Considering DPs prominence, the multiferroic materials having both ferroelectric and ferromagnetic orderings based novel double perovskite electronic material Bi2MnNiO6 has been formulated and fabricated by using solid state reaction route. In this studied material Bi+3 ions are positioned at A-site and magnetic elements Ni+2 and Mn+4 ions are well-ordered at the B and B’ site. An attempt has been made to provide its structural, morphological, dielectric as well as electrical characteristics which can be use full for development of electronic device and sensor.
2 EXPERIMENTAL PROCESS
The chosen double perovskite ceramic sample of Bi2MnNiO6 is fabricated by usual solid state reaction path. It starts through the raw material selection as the first step. Depending upon the expected nature of the desired sample and reaction conditions the reactant chemicals are chosen. Here mostly the oxides (Bi2O3, MnO2, and NiO) of high purity (>99.9%) are used which are obtained from Loba Chemicals Pvt. Ltd. These raw oxides are dried carefully, and then weighed according to their required mass percentage. To enhance the rate of reaction the raw materials are fine grained and mixed cautiously by dry grinding from beginning to end with mortar and pestle for nearly 2 hours to get a homogeneous solution of these raw oxides. It is followed by wet grinding by mixing the homogenous dry mixture with methanol (an organic volatile liquid), in order to ensure the homogeneity of the mixture. The wet grinding process continued till all the entire liquid gets evaporated, leaving residual homogeneous mixture. The evaporation process usually takes nearly 1 hour to be complete. Then this powder raw sample is calcined at an optimized temperature (750°C) through a high temperature furnace for an extent of 4 hours. For the calcinations process the mixture is kept in an alumina crucible, because it can sustain very high temperatures, even much higher than the melting temperature of the chosen double perovskite. Next step in the process of fabrication includes the grinding of the reduced calcined powder (with little lump formation) into fine powder form, so that XRD can be performed smoothly. From the XRD analysis the formation of desired compound can be confirmed. Now circular pellets (disks) are formed with the help of hydraulic press. PVA is added as binder with the calcined mix to provide the binding to the powder. Then the disk shaped pellets are set for sintering process at a high temperature of nearly 800°C. Then the microstructures of sintered disk pellets are investigated with Scanning Electron Microscopy. Then silver paste is applied to the both surfaces (i.e. bottom as well as top) of the polished pellets which act as the electrodes of a parallel plate capacitor. The temperature dependent dielectric parameters are studied by using N4L PSM1735: phase sensitive meter. The related dielectric components and the impedances are considered for temperature ranges from 25 to 250°C with frequency: 1 kHz–1 MHz.

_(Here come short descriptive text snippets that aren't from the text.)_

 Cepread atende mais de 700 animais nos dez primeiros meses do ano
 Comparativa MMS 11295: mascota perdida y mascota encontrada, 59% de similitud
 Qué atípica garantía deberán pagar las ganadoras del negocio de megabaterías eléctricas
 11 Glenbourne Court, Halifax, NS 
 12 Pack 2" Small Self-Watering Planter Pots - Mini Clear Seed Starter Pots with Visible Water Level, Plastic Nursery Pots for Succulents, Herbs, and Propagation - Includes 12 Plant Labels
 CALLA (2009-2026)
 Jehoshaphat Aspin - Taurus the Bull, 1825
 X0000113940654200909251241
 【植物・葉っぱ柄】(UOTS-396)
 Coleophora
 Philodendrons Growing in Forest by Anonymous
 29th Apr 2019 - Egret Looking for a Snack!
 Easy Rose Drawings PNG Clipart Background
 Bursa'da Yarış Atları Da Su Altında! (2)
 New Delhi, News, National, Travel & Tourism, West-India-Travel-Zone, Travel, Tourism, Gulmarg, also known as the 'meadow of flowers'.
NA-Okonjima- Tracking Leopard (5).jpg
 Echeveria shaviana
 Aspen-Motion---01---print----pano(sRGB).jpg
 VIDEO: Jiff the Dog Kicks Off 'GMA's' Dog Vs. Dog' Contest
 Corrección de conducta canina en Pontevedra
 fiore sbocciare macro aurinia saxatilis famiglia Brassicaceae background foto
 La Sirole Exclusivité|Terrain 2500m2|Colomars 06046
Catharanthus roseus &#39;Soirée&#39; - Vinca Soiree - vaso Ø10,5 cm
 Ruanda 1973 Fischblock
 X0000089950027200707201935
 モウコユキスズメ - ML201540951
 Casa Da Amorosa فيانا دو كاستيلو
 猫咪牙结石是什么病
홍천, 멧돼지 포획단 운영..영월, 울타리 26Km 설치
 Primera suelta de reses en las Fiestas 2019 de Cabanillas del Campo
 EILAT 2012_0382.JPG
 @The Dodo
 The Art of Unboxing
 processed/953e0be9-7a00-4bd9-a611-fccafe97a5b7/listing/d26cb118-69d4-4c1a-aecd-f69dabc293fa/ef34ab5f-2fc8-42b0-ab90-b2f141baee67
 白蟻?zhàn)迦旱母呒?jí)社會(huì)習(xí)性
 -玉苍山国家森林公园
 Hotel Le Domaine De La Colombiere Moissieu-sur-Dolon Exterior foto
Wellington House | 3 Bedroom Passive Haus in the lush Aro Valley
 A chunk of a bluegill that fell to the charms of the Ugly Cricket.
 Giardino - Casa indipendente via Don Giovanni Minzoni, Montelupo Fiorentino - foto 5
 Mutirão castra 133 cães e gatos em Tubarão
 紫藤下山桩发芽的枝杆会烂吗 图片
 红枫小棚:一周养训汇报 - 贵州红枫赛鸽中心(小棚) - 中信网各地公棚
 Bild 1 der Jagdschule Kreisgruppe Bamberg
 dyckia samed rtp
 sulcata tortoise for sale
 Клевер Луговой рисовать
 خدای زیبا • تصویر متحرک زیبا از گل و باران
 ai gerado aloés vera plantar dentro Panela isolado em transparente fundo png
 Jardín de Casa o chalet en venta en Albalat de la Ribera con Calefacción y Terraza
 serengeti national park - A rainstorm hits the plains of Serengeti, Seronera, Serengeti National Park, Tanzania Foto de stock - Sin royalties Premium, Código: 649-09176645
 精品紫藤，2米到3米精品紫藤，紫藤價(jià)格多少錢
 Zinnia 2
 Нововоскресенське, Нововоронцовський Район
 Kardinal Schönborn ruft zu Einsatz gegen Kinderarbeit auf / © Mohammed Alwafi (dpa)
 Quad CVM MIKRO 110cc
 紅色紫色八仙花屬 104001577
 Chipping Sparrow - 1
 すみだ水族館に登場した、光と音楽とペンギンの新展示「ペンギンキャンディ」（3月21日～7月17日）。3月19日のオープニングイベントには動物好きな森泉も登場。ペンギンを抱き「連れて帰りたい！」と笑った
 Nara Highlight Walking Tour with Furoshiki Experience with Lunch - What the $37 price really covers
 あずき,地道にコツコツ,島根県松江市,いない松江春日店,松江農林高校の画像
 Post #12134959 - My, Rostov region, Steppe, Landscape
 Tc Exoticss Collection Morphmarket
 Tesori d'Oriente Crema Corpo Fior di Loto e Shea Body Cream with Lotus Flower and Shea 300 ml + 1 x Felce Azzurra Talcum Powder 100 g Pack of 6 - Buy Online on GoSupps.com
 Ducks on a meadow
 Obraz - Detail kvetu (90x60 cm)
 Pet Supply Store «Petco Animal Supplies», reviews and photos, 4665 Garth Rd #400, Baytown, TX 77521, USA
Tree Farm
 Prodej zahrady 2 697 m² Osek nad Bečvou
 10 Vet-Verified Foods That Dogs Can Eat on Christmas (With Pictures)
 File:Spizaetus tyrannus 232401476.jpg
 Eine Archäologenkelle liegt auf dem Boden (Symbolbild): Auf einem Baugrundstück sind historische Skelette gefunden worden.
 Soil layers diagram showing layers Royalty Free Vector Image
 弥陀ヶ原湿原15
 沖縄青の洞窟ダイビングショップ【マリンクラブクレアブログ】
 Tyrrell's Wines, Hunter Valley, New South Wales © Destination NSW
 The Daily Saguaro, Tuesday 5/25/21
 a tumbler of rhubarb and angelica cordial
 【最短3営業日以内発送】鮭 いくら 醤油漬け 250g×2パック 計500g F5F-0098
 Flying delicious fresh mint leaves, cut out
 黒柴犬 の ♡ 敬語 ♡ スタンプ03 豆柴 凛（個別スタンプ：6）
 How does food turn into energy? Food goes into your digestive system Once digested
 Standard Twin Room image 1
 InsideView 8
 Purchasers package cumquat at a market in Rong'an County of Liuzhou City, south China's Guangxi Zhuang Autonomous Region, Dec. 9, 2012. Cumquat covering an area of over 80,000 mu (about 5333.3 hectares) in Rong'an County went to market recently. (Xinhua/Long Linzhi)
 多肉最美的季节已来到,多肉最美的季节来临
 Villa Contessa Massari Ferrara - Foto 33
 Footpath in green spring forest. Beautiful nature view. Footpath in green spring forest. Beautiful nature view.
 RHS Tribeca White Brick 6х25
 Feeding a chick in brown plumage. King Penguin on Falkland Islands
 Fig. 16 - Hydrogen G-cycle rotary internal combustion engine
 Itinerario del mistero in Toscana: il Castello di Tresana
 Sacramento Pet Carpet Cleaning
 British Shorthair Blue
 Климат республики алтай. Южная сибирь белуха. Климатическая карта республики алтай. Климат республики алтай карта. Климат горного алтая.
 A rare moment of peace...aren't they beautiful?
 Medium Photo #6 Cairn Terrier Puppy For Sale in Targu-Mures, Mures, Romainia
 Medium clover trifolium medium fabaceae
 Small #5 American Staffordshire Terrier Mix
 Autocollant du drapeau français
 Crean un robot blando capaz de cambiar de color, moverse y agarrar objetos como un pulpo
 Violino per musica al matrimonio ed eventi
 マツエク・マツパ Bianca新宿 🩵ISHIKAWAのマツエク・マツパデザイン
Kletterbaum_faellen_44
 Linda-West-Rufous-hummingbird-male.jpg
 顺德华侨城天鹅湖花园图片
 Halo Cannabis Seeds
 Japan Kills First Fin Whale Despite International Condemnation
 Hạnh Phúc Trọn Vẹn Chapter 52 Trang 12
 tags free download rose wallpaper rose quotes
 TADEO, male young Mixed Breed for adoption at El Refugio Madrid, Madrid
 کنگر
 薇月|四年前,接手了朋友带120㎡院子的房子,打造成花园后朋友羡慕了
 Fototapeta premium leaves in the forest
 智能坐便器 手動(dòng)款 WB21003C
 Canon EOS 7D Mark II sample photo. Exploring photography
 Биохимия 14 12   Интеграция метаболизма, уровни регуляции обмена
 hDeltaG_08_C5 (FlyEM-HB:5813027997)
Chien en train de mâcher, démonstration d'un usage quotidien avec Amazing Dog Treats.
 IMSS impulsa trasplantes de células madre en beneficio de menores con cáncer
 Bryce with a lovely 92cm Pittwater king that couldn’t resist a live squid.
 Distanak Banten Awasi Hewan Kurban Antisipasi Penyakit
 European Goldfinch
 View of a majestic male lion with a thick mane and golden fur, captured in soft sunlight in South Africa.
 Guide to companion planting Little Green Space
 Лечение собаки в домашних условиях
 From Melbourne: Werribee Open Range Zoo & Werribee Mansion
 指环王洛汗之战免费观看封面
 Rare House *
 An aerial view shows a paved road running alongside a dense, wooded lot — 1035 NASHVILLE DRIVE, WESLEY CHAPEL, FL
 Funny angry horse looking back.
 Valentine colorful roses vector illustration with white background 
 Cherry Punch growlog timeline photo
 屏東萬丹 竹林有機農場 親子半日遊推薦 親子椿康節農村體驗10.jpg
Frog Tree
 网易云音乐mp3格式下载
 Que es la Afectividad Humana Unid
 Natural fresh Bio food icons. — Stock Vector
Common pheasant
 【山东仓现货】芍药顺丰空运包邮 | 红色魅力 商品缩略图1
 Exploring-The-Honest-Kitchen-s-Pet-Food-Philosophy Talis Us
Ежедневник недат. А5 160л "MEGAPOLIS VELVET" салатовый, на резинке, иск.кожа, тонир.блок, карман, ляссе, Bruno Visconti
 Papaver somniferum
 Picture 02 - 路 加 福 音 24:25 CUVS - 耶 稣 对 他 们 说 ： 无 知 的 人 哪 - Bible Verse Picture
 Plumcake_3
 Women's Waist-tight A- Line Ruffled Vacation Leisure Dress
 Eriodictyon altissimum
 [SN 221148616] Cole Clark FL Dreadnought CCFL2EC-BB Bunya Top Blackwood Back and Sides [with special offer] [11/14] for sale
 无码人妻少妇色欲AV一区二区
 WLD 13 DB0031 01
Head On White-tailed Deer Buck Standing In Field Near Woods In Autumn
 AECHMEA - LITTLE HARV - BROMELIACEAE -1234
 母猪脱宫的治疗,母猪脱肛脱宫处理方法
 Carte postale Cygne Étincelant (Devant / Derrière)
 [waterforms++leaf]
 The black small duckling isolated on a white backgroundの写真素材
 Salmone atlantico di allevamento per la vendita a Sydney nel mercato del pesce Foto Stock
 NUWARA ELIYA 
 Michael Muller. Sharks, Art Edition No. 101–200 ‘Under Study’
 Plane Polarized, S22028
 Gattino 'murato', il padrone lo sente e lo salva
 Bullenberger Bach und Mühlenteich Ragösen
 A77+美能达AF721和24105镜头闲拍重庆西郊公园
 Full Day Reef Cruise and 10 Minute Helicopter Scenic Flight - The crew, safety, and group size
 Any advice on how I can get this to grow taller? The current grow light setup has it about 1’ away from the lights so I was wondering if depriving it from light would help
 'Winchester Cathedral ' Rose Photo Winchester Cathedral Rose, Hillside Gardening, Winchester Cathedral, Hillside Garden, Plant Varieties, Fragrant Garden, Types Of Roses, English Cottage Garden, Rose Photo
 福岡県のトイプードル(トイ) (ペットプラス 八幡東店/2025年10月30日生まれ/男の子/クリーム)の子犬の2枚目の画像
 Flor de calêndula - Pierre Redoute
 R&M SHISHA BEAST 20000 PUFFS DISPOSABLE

3 RESULTS AND INVESTIGATIONS
a. Structural and Morphological Properties
Figure 1 shows the X-ray diffraction structure of the prepared compound Bi2MnNiO6. The obtained sharp peaks of the XRD analysis are indexed by means of a computer program (POWD) [17]. For the newly formed compound, the Miller Index values (hkl) are nearly equal to the structural parameters of the material. The best fitting of the structure formed was found to be monoclinic with parameters as a = 7.28 Å, b = 5.05 Å, c = 5.23 Å and β = 99.70° along with a standard deviation (SD) = 0.0053. The projecting peaks show a new perovskite structure which is different from the parent elements. Thus, the formation of a new polycrystalline compound is confirmed [18].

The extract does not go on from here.